SSCS 04: Installment 26 of 34
The Heart of the Gull Queen’s Huntress
This is Installment 26 of this year’s SSCS. If you want to start at the beginning of ‘The Heart of the Gull Queen’s Huntress’, go here! If you want to know what the heck an SSCS is, go here!
(And the character list is here.)
Previously…
The flesh would need to rest, its magic to be let to cure into the magic of the horde (we all), but already Lot could look outward with other eyes. In its way, the horde had many eyes. Hundreds, thousands, tens-of-thousands. Just like home.
Lot closed the eyes of her body, and remembered—there was something she was searching for. She couldn’t abandon the search. It would hurt (this flesh, this precious bit) to abandon it all together.
…The Heart of the Gull Queen’s Huntress
Installment 26: 24.0102
***
Pain prickled through San’s sinuses as he willed the flesh there to shift. As it ebbed, the raw scents of the silver City of Bridges flooded in in its stead, a wash of humans (and mostly-humans) and wet, mossy stone, of rough smoke and, distantly, of orange blossoms. Lot was long gone from these back halls of the city Assembly, and if she had been just another one of these humans hurrying this way and that probably impossible by now to track. But her flesh held faint traces of a musk that came only from deep in the sea, of dark-silt ocean bottoms and corals ground down over eons into silt, of something that wasn’t brine but yet rode the waters next to it, an un-sweet, eel-like kin. And then of course there was her perfume (rubbed ambers), the powdered paints she used on her eyes and lips (purchased in an inland city nearly 1000 miles from here), and the soap with which she’d last laundered her clothes (the same as used for San’s own). And beyond that she was Lot, and San knew her, always, scent and all.
By scent San tracked her, back to the Assembly courtyard and swiftly away again, the press of bodies there and the droning of the proceedings a mute background only to the bright-scent trail that was his quest. Without conscious thought, his face flickered with images of mundanity so that few noted his passage past them and none cared. Like smoke, like a fish in the River, San flowed through the crowds and out onto the street.

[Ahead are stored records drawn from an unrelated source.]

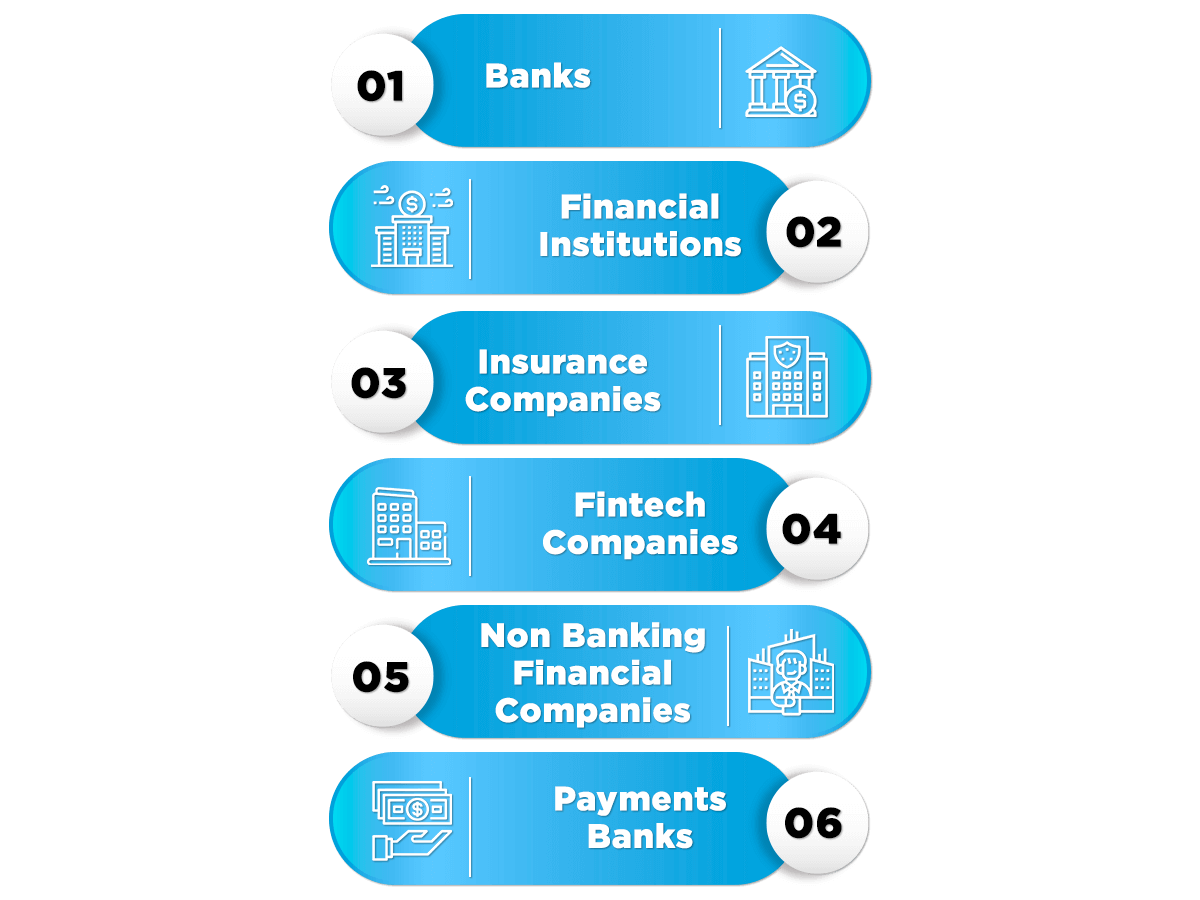 Institutions under BFSI Consulting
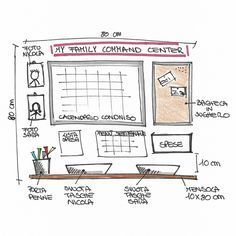 a drawing of a computer screen with the words family command center on it and other information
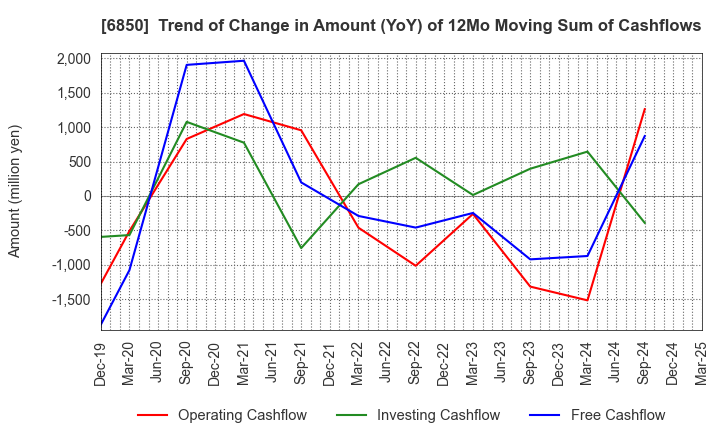 6850 Chino Corporation: Trend of Change in Amount (YoY) of 12Mo Moving Sum of Cashflows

It was still morning yet, and at this end of the city, presumed seat of the government, the sunlight flashed brightly off the silver filigrees laced onto the surrounding buildings, on window screens and awnings and lampposts, on the rails of the next in the never-ending series of bridges, flashing against the grey of stone like the silver lining to the clouds. If San had paused to consider his surroundings, he might have been surprised to see the path he followed ran openly through these spaces so bright and polished and new. Though many a staircase ran down to the River, the scent-trail he followed stayed ever well above the water line.
Until it didn’t. Until it slipped into a neat crack between buildings too tight to properly be called an alleyway, and dropped down a hidden, tarnished-silver-filigree, iron-bound staircase tucked into one wall at the far end.
San looked down the dark spiral and thought about following, breathed long and deep of the scents collected here and realized he could hardly even taste the River. Instead there was the scent-thread that was Lot, and then all around it something else. Something that wasn’t quite people—it was too…dusty for that—and wasn’t death, at least not in any of its obvious forms. Another deep breath. The air at the top of the hidden staircase was crowded thick with something dark and dusty and…fizzing with a strange, scurrying multitude of magics.
***
Meanwhile, as San slipped from their side in the back hallways of the Assembly, Ki, tall and pale as cobwebs, and El, small and bright-clothed with night-black skin, faced their half-djinn kinsman whose pan-flute was brought already to his lips, his long-lashed eyes already dancing with a black flame.
The low, dark, sweet notes of Du’s flute shook the very air around him and then rolled outward, a slow wave that, slowly, an inching of time, swept others up into it as they came too near, seeming to pause them in their steps, seeming, almost, to lift them off their feet on a note just this side of dark rapture.
Only El and Ki stayed grounded in the center of this sweet storm of sound, Ki with hand up-raised and pressing side-long against it, long, pale fingers flexing, questing for the way through. El had dropped her black bag at her feet, dark eyes locked on the djinn-lit eyes of Du as he played, then reached inside and pulled out a golden, sickle-shaped knife. As Ki’s fingers, like wind slipping past sound, found the purchase or path that they sought, El slashed upward with her knife, the magic tearing and parting in its wake.
But they were both too slow, too soft in their reflexes, too late.
Catching the wake of his own music, Du had already ridden it past them, past stone pillars and twisting stone hall, through the growing press of bodies and the crowd, to land with a dark-euphoric splash of ringing stillness in the very center of the great Assembly courtyard.